People are high-risk positions, they get paid more. There's something called hazard pay.

ROGERS: I understand.

(CROSSTALK)

UNIDENTIFIED FEMALE: And that's a thing that exists.

ROGERS: If you were to go to 7-Eleven and ask the man what he gets paid for the night shift, my guess is less than $15 an hour.

UNIDENTIFIED FEMALE: I'm only actually making $13 an hour. I need to buy my salary with all of these hours and stuff. When the bud tenders are making $1 less than me but they are also netting, you know, server's tips every day, it's hard, you know, to be managing people that are making $5 to $10 more an hour than you.

ROGERS: Sure. I understand your frustrations with the more hours we ask you work the lower dollar rate we get, but right now, it's as busy as we'll probably ever going to be and it's chaotic and will require as many hours as we'll ever require. Those things I think are going to balance out a lot. And when you look at the future for these people, their resumes will say bud tenders, whereas managers, you put to put manager and management.

UNIDENTIFIED FEMALE: Brian and Caitlin have definitely already started to change.

ROGERS: It's also supply and demand. There are a lot of managers that are willing to work in this industry for that pay. Paying you more doesn't make you safer. It just makes you stay in that position, right?

UNIDENTIFIED FEMALE: If I get a gun pointed at my head, regardless of if I end up getting shot in the head, I still have to deal with the fact that I got a gun pointed at my head. That's traumatic.

ROGERS: So if I'm hearing you correctly, you'd be willing to get robbed for more money, is that -- is that right?

UNIDENTIFIED FEMALE: You gave me $100,000 a year, I'd be willing to get robbed, yeah, absolutely.

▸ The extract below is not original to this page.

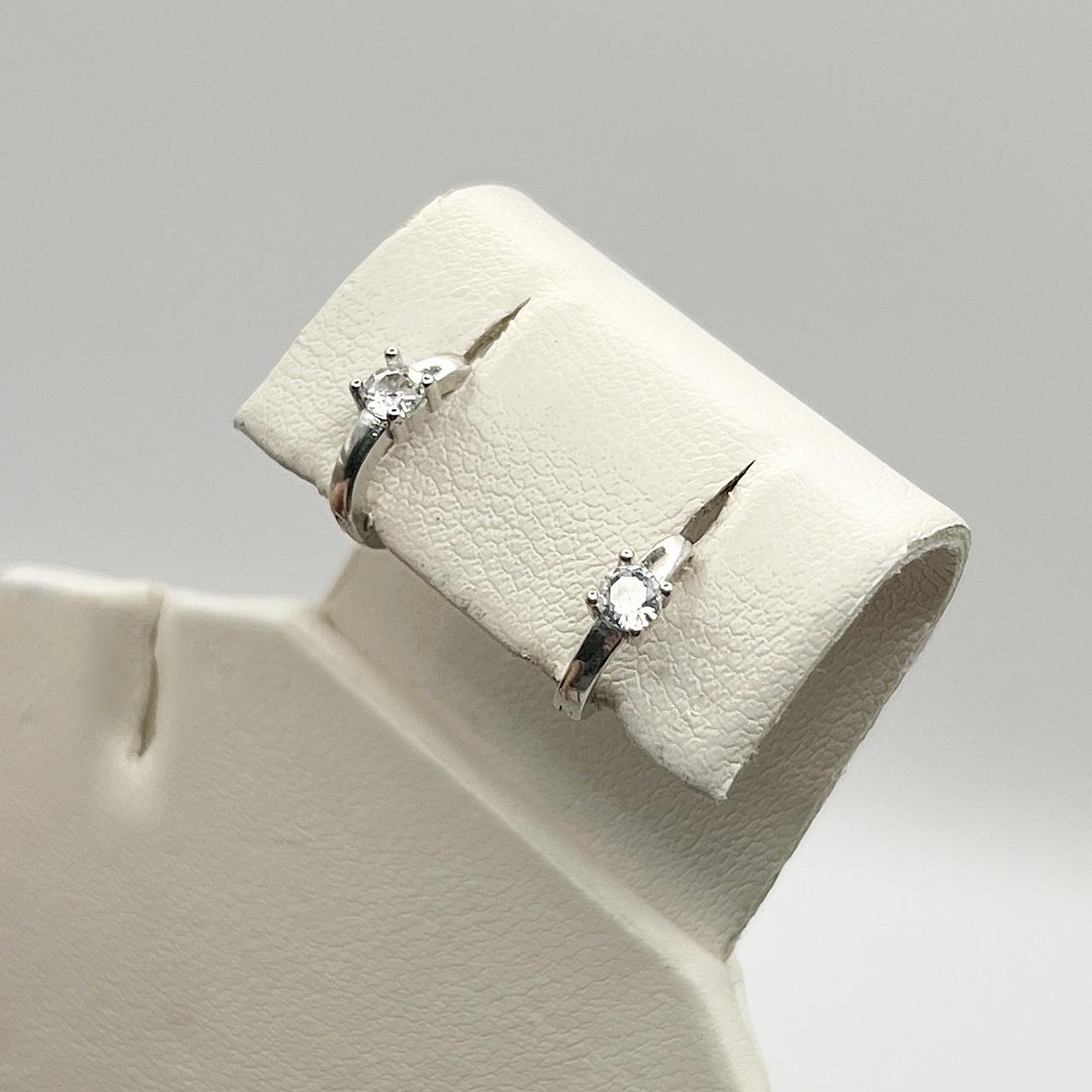 Серебряные серьги-кольца с кубическим цирконием 10 мм 0,9 г (2600017281) Серебряные серьги-кольца с кубическим цирконием 10 мм 0,9 г (2600017281)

ROGERS: Other people would be willing to get robbed for $35,000. People have different expectations for different pay.

MCGUIRE: Unfortunately, when it comes down to it, I don't think we'll ever be able to justify $100,000 a year, sorry.

[23:50:15] UNIDENTIFIED FEMALE: That's an exaggeration.

(CROSSTALK)

MCGUIRE: Managers or assistant managers.

UNIDENTIFIED FEMALE: If what you want to talk about does money -- does money factor into that? Yes.

How aim supposed to be happy with $13 an hour when I watch them bring in 100 grand in three days.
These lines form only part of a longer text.